### Problem requirements:
Include in the reply only the lines from the start of the data below through the line containing "So these are", reproduced exactly and with no pictures.

### Provided material:
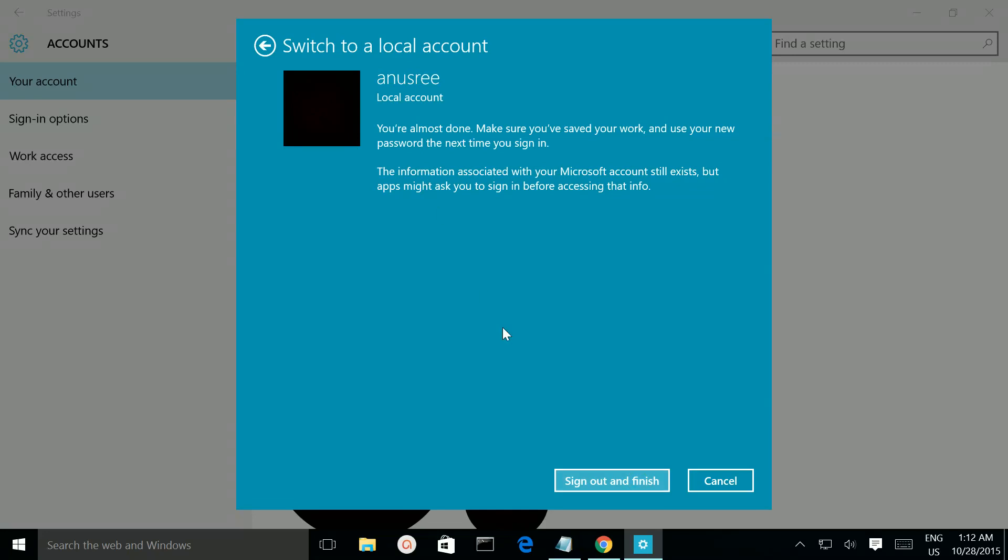To complete this sign out, you have to sign out from the Windows session and sign in. When you click this button, the system will sign out and close all the running applications.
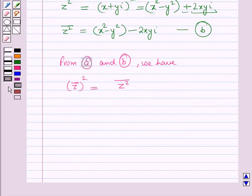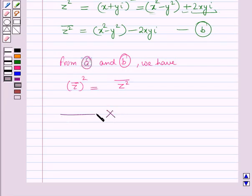So these are the various properties of conjugates of complex numbers. In this session you have learnt about the conjugate of a complex number and the properties of conjugates of complex numbers. This completes our session; hope you all have enjoyed it.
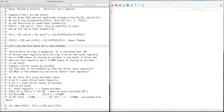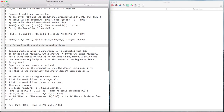Bayes' theorem, which is the object of this video, then just says the probability of D given L is the probability of D and L — which is the same as the probability of L and D, which we've just calculated — divided by the probability of L, which we've just calculated. Let's see how this works for a real problem.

### Solution to this exercise:
To complete this sign out, you have to sign out from the Windows session and sign in. When you click this button, the system will sign out and close all the running applications.
So these are the various properties of conjugates of complex numbers. In this session you have learnt about the conjugate of a complex number and the properties of conjugates of complex numbers. This completes our session; hope you all have enjoyed it.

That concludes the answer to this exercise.